▸ **TASK OBJECTIVE**: Pictures in the records below must be left out. Return exactly the lines from the line with "Lemax village accessory" to the line with "Blue Seductive Romantique", both included.

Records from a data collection
..............................

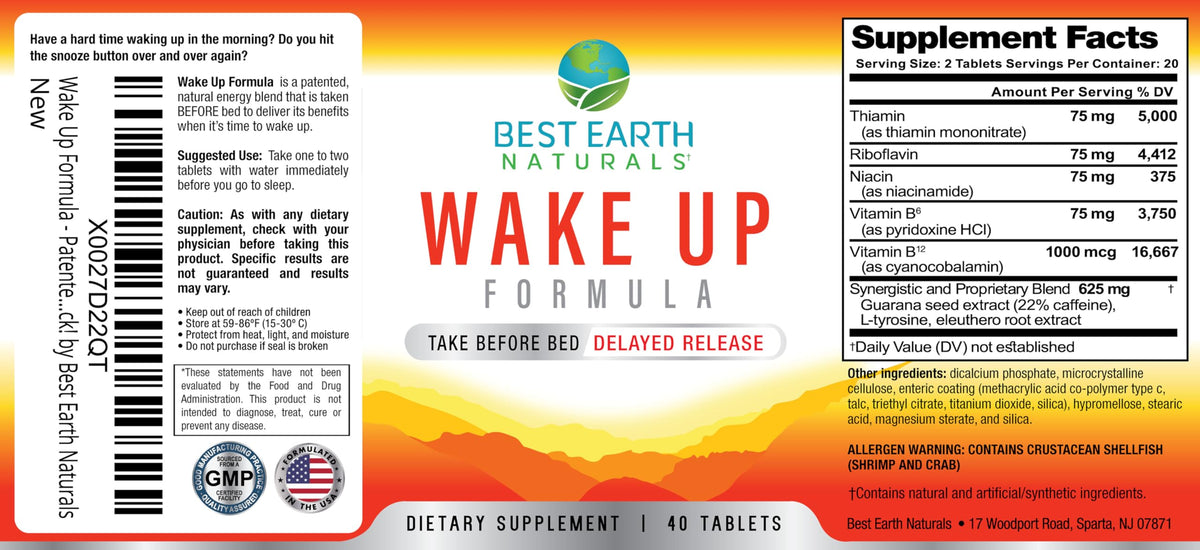 Best Earth Naturals Wake Up Formula Energy Tablet - 40 Count - image 3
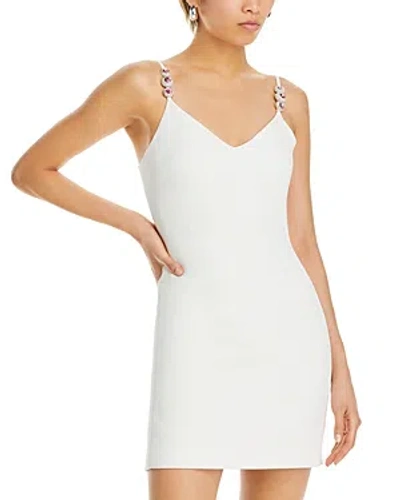David Koma Crystal-embellished Crepe Mini Dress In White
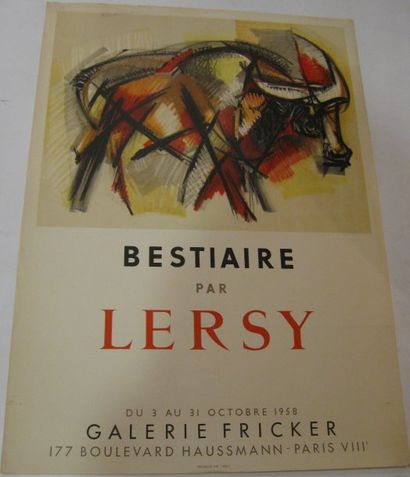 LERSY Roger , né en 1920 Bestiaire, Galerie Fricker, Paris, 1958, Lithographie Mourlot,...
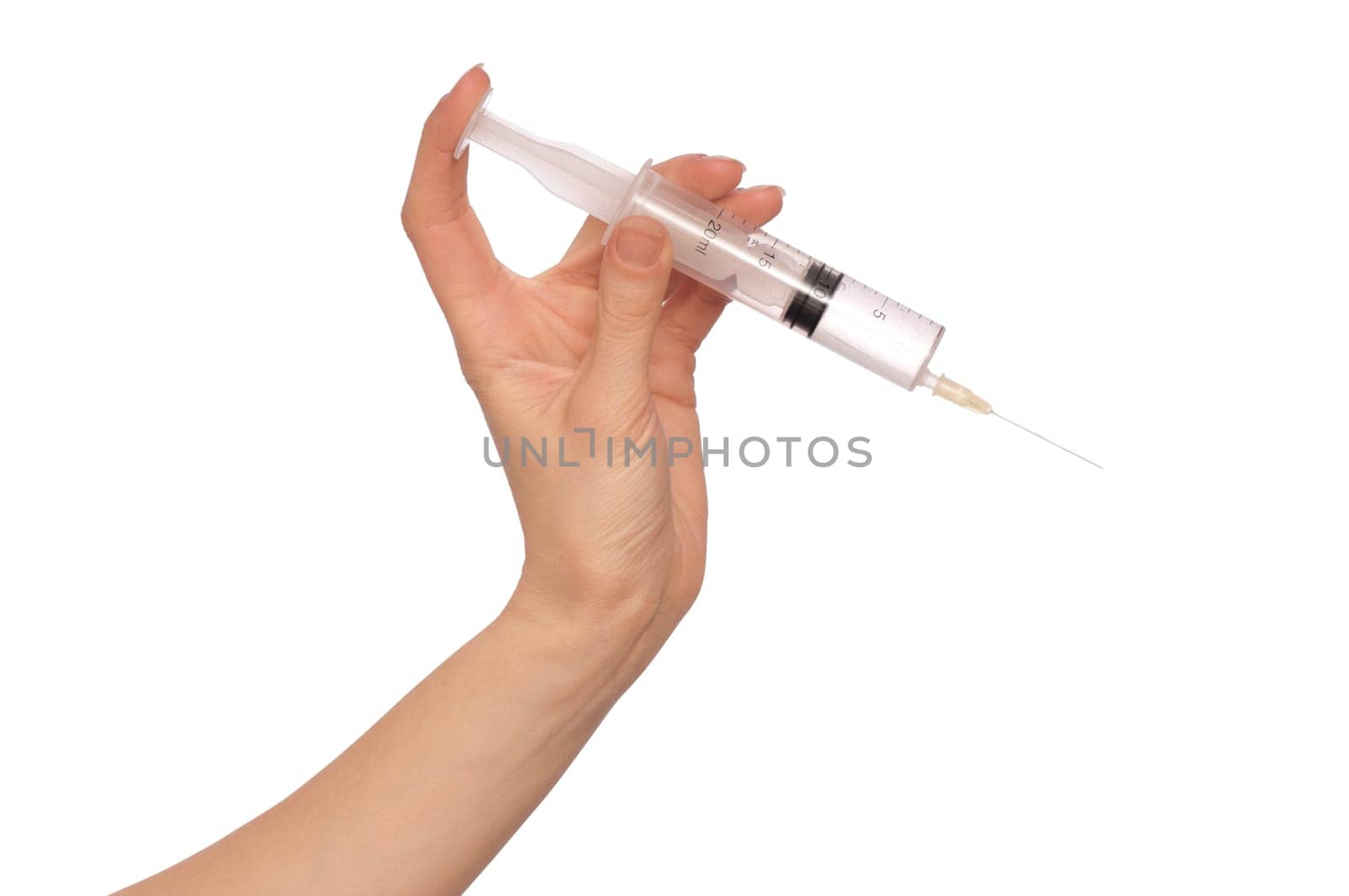 syringe in the woman's hand for making injections
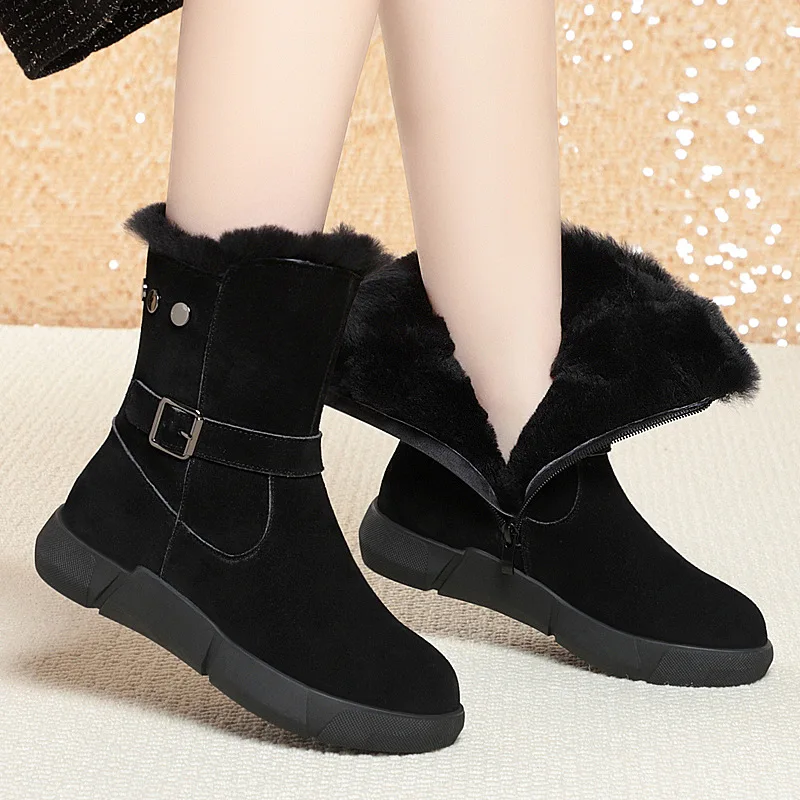 

Women Snow Boots Suede Genuine Leather 2025 New Non Slip Flat Women Winter Boots Wool Warm Women's Ankle Boots Handmade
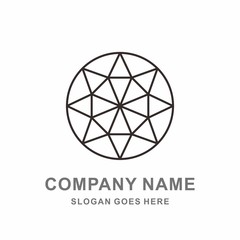 Geometric Circle Stars Pattern Flowers Morocco Interior Motif Decoration Business Company Stock Vector Logo Design Template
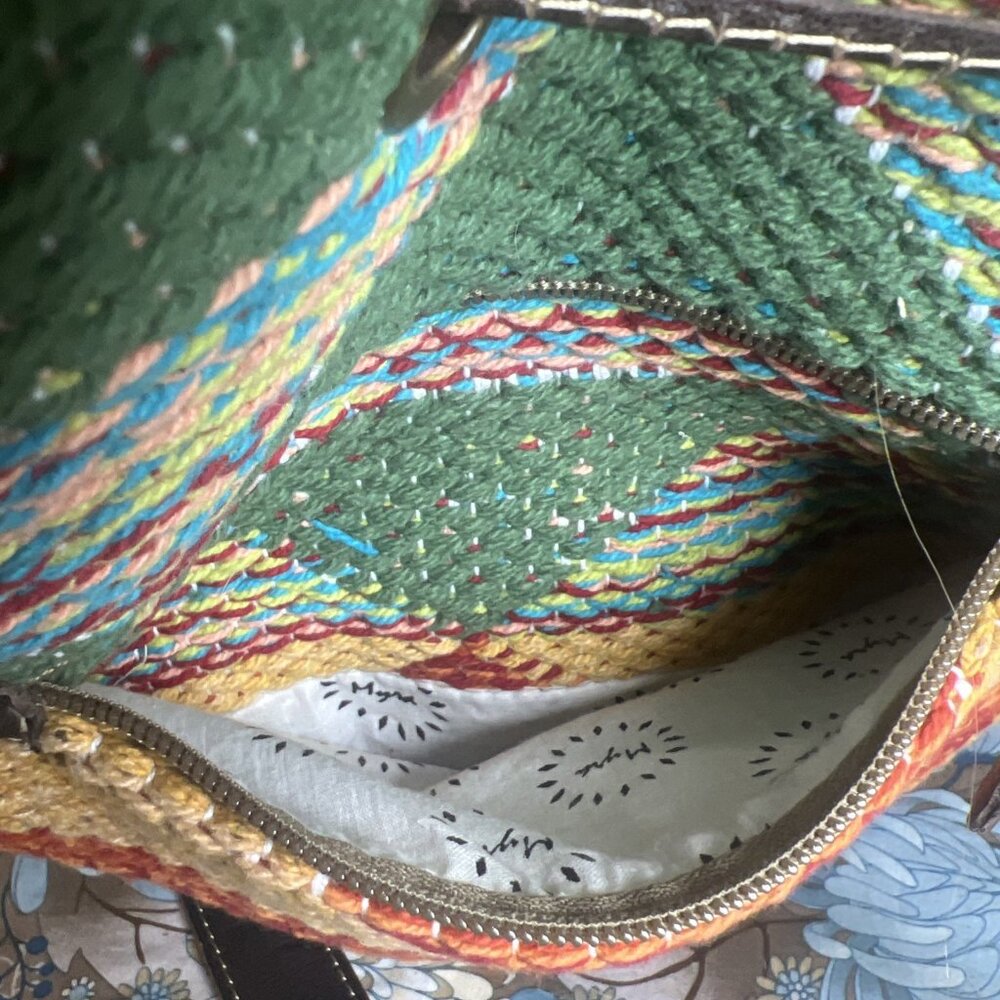Myra Bag Handmade Bohemian Western Bucket Bag Upcycled Canvas & Cowhide Leather - Picture 7 of 16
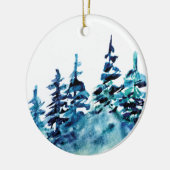 Waterverf Pine Tree (aangepast) Keramisch Ornament (Links)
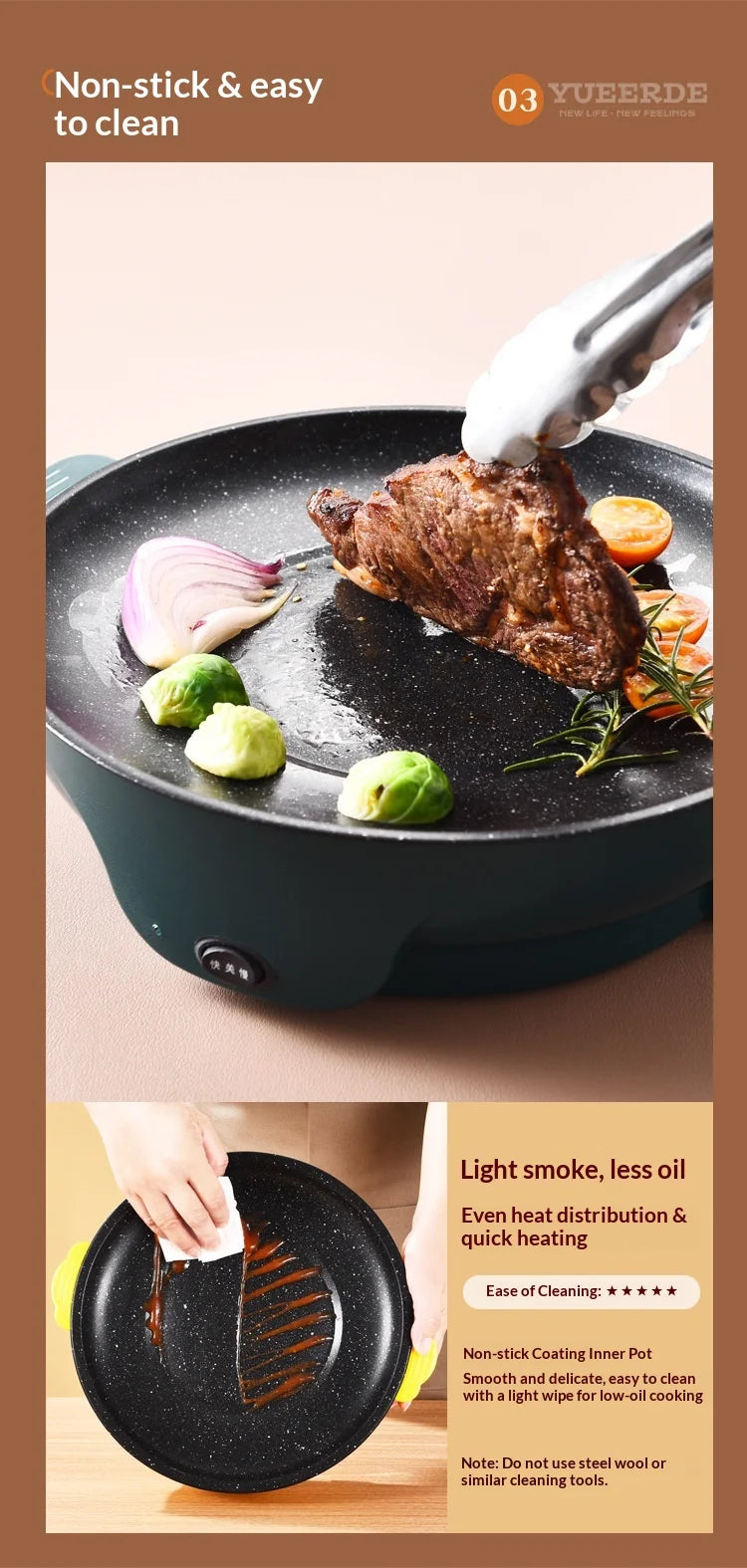 Electric MultiCooker Electric Frying Pan 220V Househould Barbecue Fried Steak Fish Omelette Frying Pan Non-stick Cooking Machine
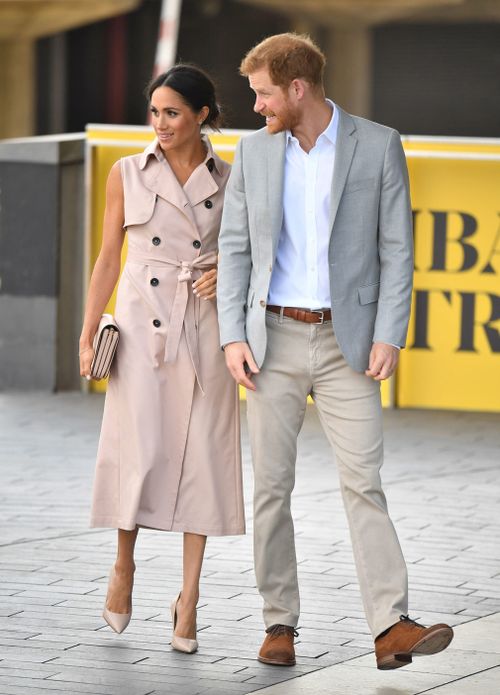 Meghan wore a blush pink trench dress by Canadian fashion label Nonie. Image: PA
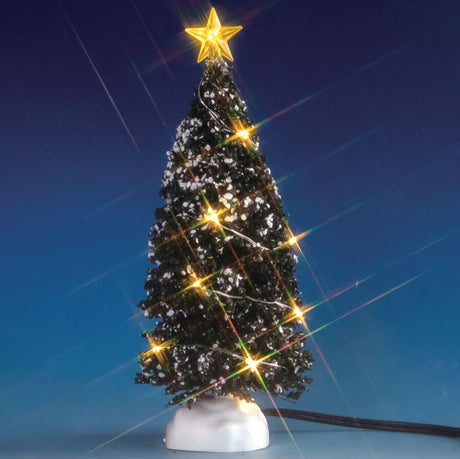 Lemax village accessory designed to look like a snow-covered tree that has yellow lights on it and a yellow star on top.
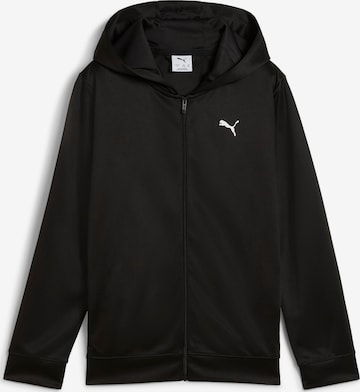 PUMA Athletic Zip-Up Hoodie 'Tad Essentials' in Black: front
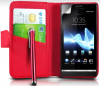 Sony Xperia S Lt26i Leather Wallet Case Red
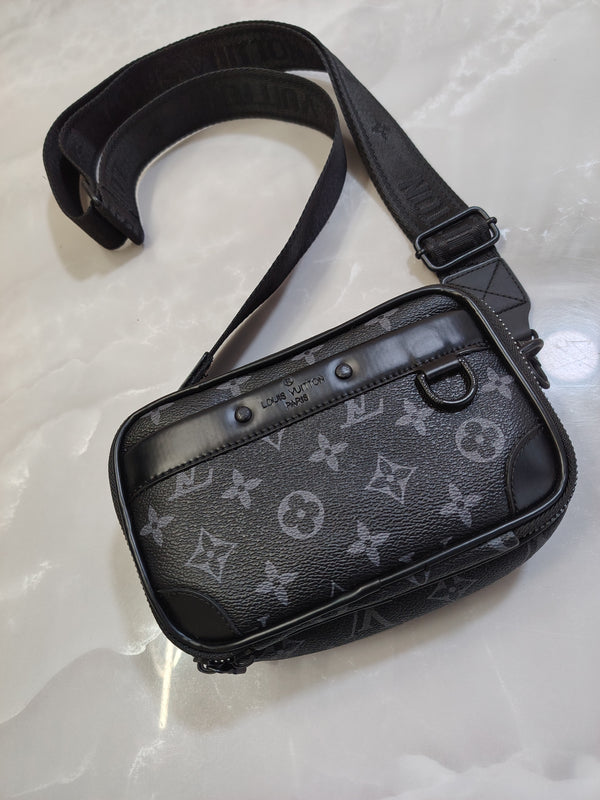 Louis Vuitton LV Monogram Eclipse Crossbody Bag Black Gray Luxury Men's Gifts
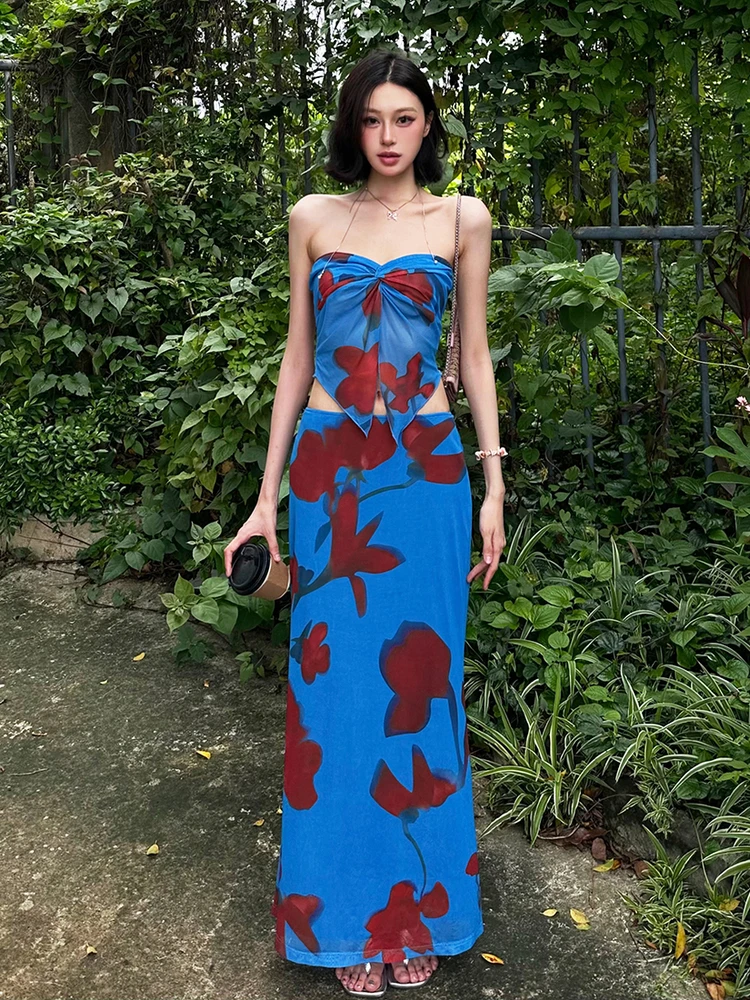 

Blue Seductive Romantique Halter Neck Top And Slim Fit Skirt Set Women's Fashion Elegant Style Two-Piece Suit for Teens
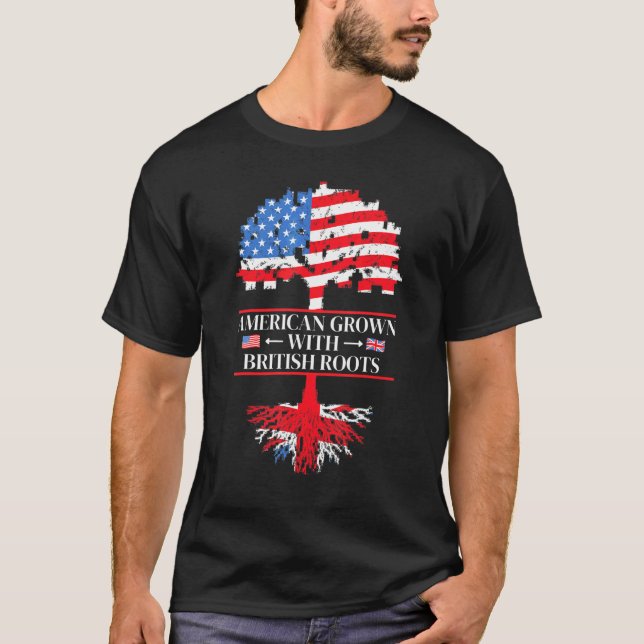 amerikansk odling med brittiska rötter USA Storbri T Shirt (Framsida)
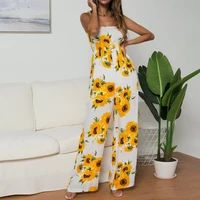 new sunflower printed strap jumpsuit women high waist rompers boho yellow spaghetti strap wide leg pants summer jumpsuits ladies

..............................

▸ **THE ANSWER**:
 Lemax village accessory designed to look like a snow-covered tree that has yellow lights on it and a yellow star on top.
 PUMA Athletic Zip-Up Hoodie 'Tad Essentials' in Black: front
 Sony Xperia S Lt26i Leather Wallet Case Red
 Louis Vuitton LV Monogram Eclipse Crossbody Bag Black Gray Luxury Men's Gifts

Blue Seductive Romantique Halter Neck Top And Slim Fit Skirt Set Women's Fashion Elegant Style Two-Piece Suit for Teens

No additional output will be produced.